**RECORDS SHOWN:**
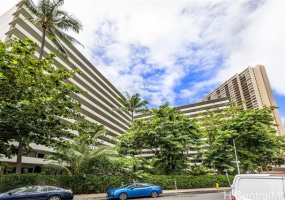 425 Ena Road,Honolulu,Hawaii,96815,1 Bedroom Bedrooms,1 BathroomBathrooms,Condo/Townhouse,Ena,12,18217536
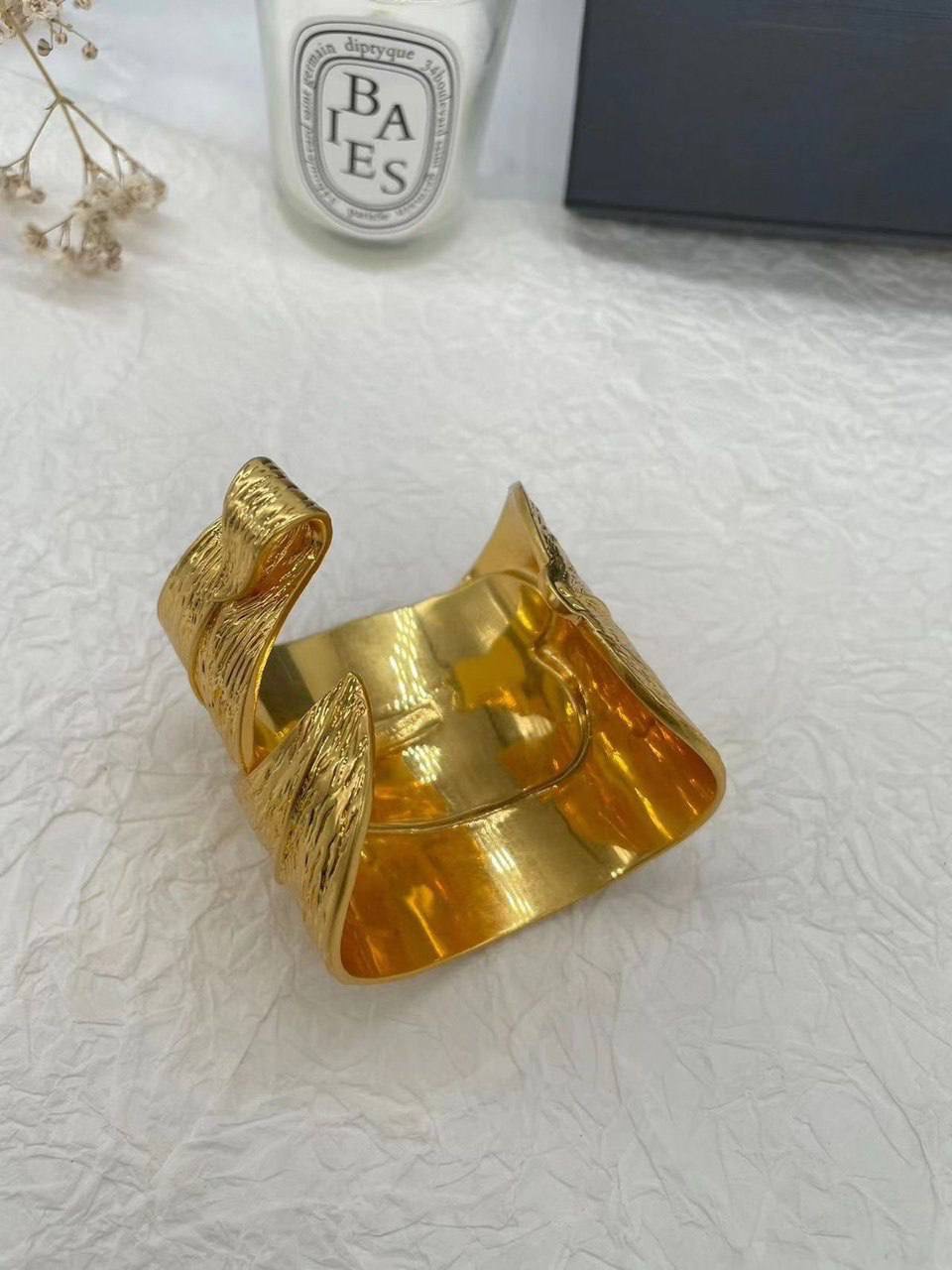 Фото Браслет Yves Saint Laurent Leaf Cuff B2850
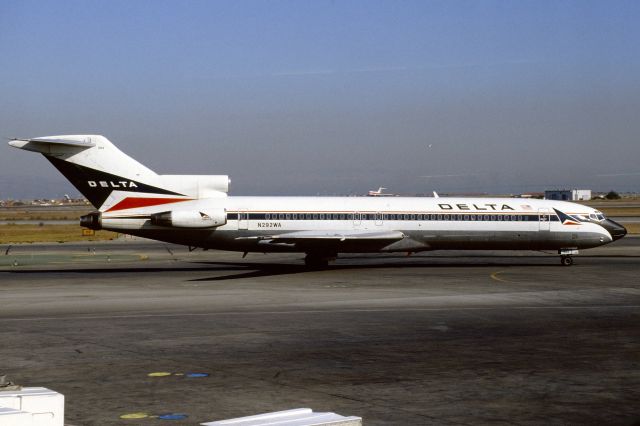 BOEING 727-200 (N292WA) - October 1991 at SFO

==

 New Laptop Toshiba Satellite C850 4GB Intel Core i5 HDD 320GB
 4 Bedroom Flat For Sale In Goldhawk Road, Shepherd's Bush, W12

==

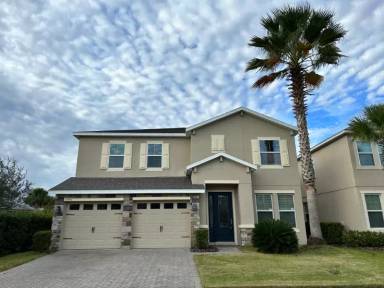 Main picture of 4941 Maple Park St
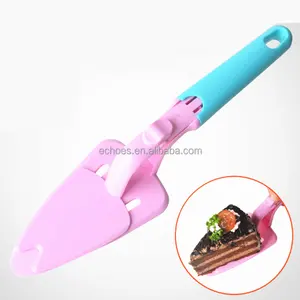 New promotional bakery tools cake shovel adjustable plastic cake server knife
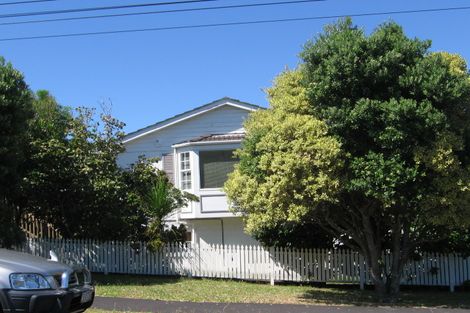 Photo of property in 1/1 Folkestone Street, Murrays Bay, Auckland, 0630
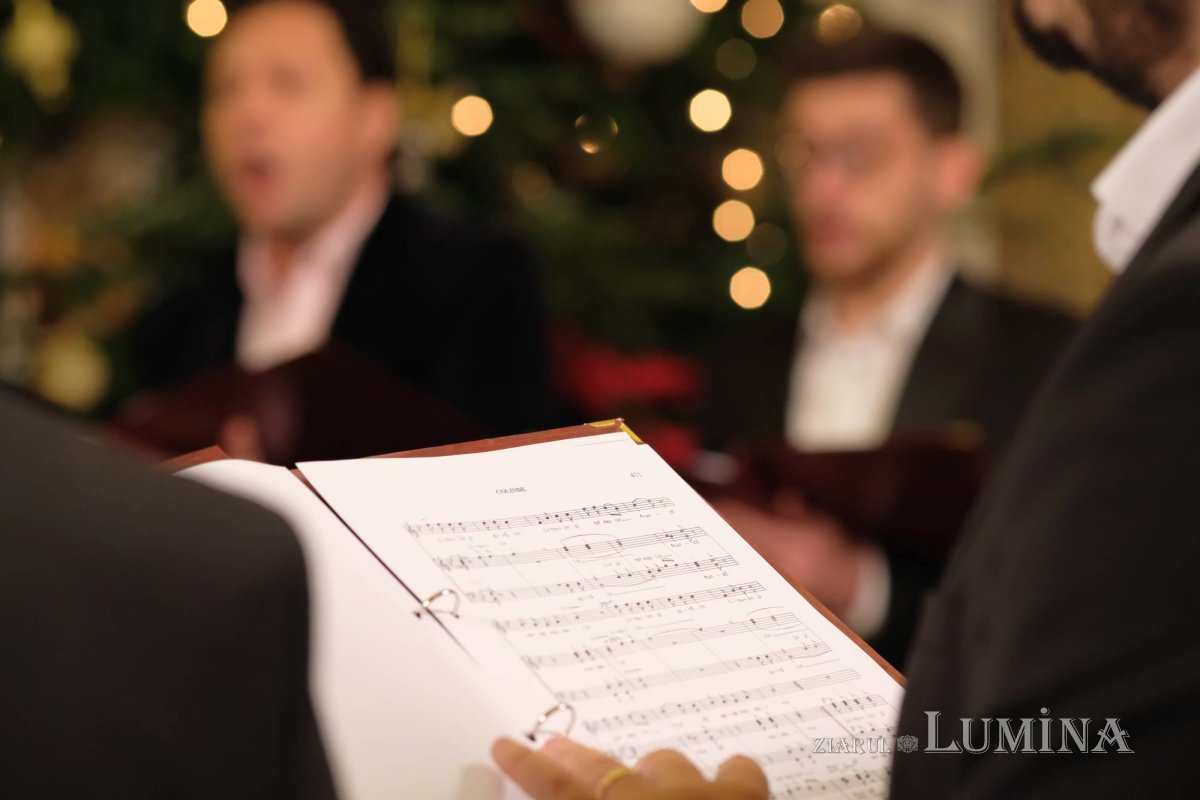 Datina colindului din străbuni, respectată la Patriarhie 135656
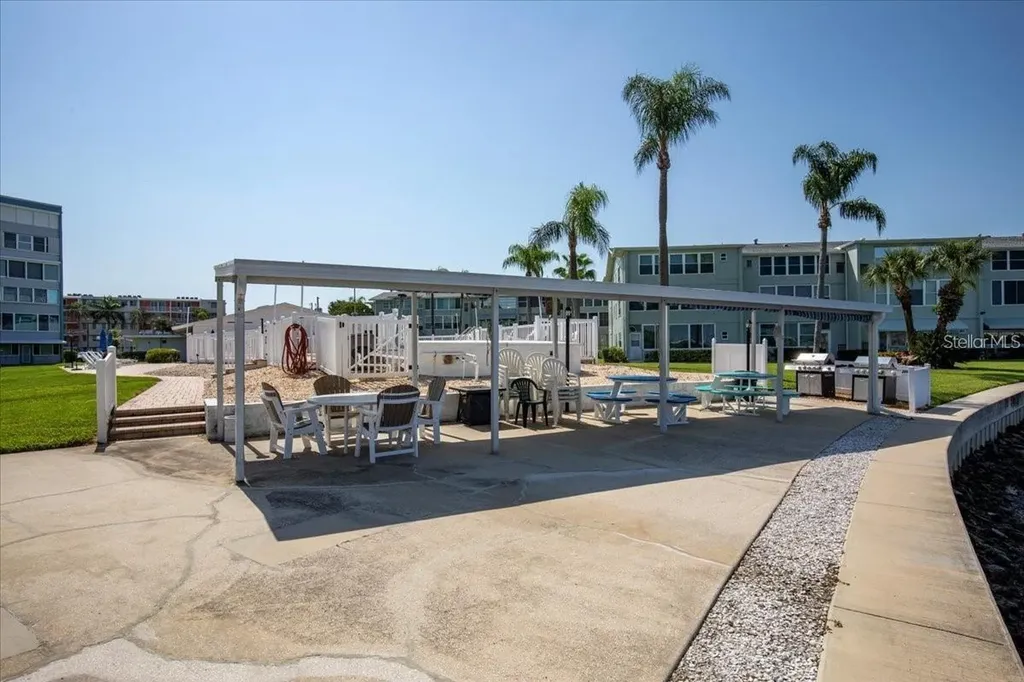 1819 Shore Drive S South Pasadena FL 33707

**GOAL OF THE EXERCISE:**
From the records above, copy only the lines running from the line containing "425 Ena Road,Honolulu,Hawaii,96815,1" to the line containing "BOEING 727-200 (N292WA)", both ends included. Leave the pictures out.

**PROBLEM SOLUTION:**
 425 Ena Road,Honolulu,Hawaii,96815,1 Bedroom Bedrooms,1 BathroomBathrooms,Condo/Townhouse,Ena,12,18217536
 Фото Браслет Yves Saint Laurent Leaf Cuff B2850
 BOEING 727-200 (N292WA) - October 1991 at SFO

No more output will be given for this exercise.